In quanto studiosi del fenomeno, abbiamo sotto gli occhi un esempio classico di come, in condizioni locali particolari, le posizioni all’apparenza puramente dottrinali di una autorità religiosa rivestano caratteristiche squisitamente politiche, e tali da condizionare il livello culturale di un Paese, il formarsi di opinioni, la capacità delle giovani generazioni di confrontarsi con complesse questioni scientifiche su cui altri Paesi investono massicciamente, in un clima di piena libertà di dibattito.
A partire dagli anni Sessanta del XX secolo, il variegato mondo protestante evangelico degli Stati Uniti dà il via a una campagna sistematica e agguerrita contro l’evoluzionismo, che nell’ultimo decennio del secolo ha conosciuto importanti successi. Le ragioni sono complesse, ma gli studiosi del fenomeno non hanno dubbi sul suo carattere fondamentalmente politico, che si esprime con classici accenti populisti, e un linguaggio semplice e diretto, che individua nel ceto intellettuale liberale, scientista e ateo, la ragione di tutti i mali del Paese.
L’attacco frontale all’evoluzionismo non è certo una novità. Negli anni Venti, i legislatori degli Stati del Tennessee, del Mississippi e dell’Arkansas dichiarano reato penale l’insegnamento delle teorie evoluzionstiche, mentre in Oklahoma vengono proibiti tutti i libri che trattavano di evoluzione.
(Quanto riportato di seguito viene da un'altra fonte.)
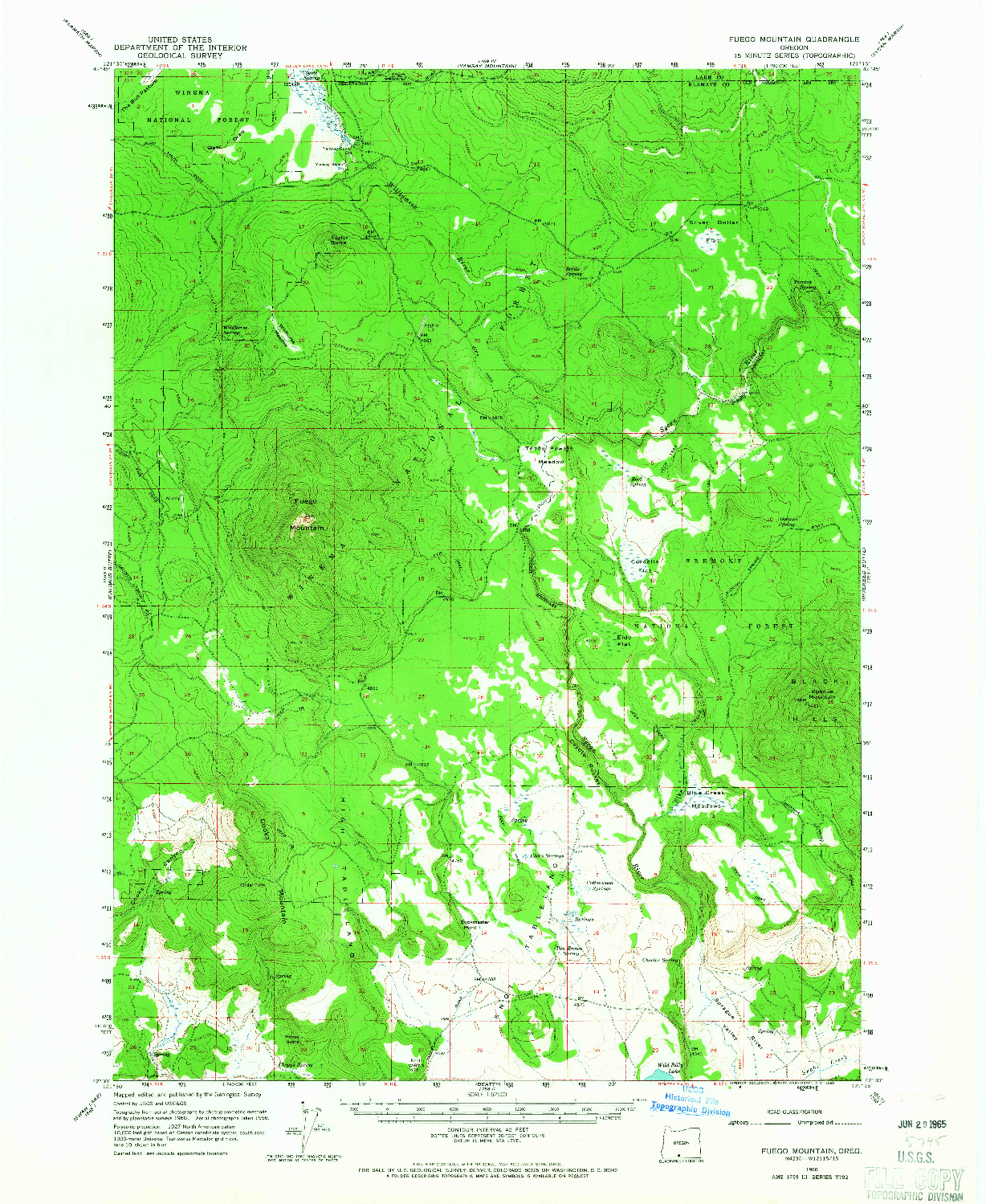 USGS 1:62500-SCALE QUADRANGLE FOR FUEGO MOUNTAIN, OR 1960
Nel 1925, l’arresto e il processo del professor John Scopes, colpevole di aver insegnato il darwinismo nella sua scuola di Dayton (Tennessee), provocano l’intervento delle autorità federali volto a limitare l’ingerenza di sette religiose nell’insegnamento.
Intorno al 1970, la fondazione dell’Institute for Creation Science da parte di Henry M. Morris, ingegnere idraulico texano, costituisce una svolta organizzativa e politica di grande importanza. Il crescente successo del creazionismo trova ben presto imitatori e finanziatori, e a partire di primi anni Novanta si assiste al fiorire di musei della creazione, di siti internet e di case editrici che alimentano un forte mercato di pubblicistica creazionista. Al tempo stesso, a livello politico, le organizzazioni creazioniste ingaggiano una vera e propria guerriglia istituzionale cercando di assumere il controllo dei consigli di amministrazione del sistema scolastico di diverse città e Stati. Così, il Board of Education dell’Ohio decreta nel 2002 che l’insegnamento del darwinismo deve essere accompagnato da una discussione delle tesi creazioniste, mentre in Kansas decisioni a favore e contro il darwinismo si succedono a ritmo annuale.
Le forme estreme di negazionismo evoluzionistico sono state sottoposte a censura da diversi pronunciamenti di tribunali di diverso grado, provocando così un aggiustamento di tiro che consiste nel richiedere che si insegni sia la complessità teorica dell’evoluzionismo contemporaneo, sia l’esistenza di testi biblici che offrono una spiegazione alternativa. I siti internet di diverse fazioni del movimento (spesso in forte concorrenza) rinviano sia ad altri siti creazionisti, sia a siti di rispettabili istituzioni come la Smithsonian o il Natural History Museum di New York, per affermare l’apertura mentale e la tolleranza del movimento, contro la chiusura oscurantista degli scienziati materialisti. Il proliferare di associazioni e di imprese commerciali creazioniste provoca il parallelo proliferare di interpretazioni e di dottrine, al punto che il termine creazionismo indica oggi una pluralità di posizioni spesso incompatibili.
Più sofisticato è il movimento per l’Intelligent Design, che riprende temi classici della teologia naturale inglese e olandese, evita le grossolane mistificazioni del creazionismo americano, e utilizza le conoscenze scientifiche più aggiornate per mostrare come la scienza moderna sia giunta alla inevitabile conclusione che il cosmo e la natura vivente sono opera di un Creatore benevolo e intelligente.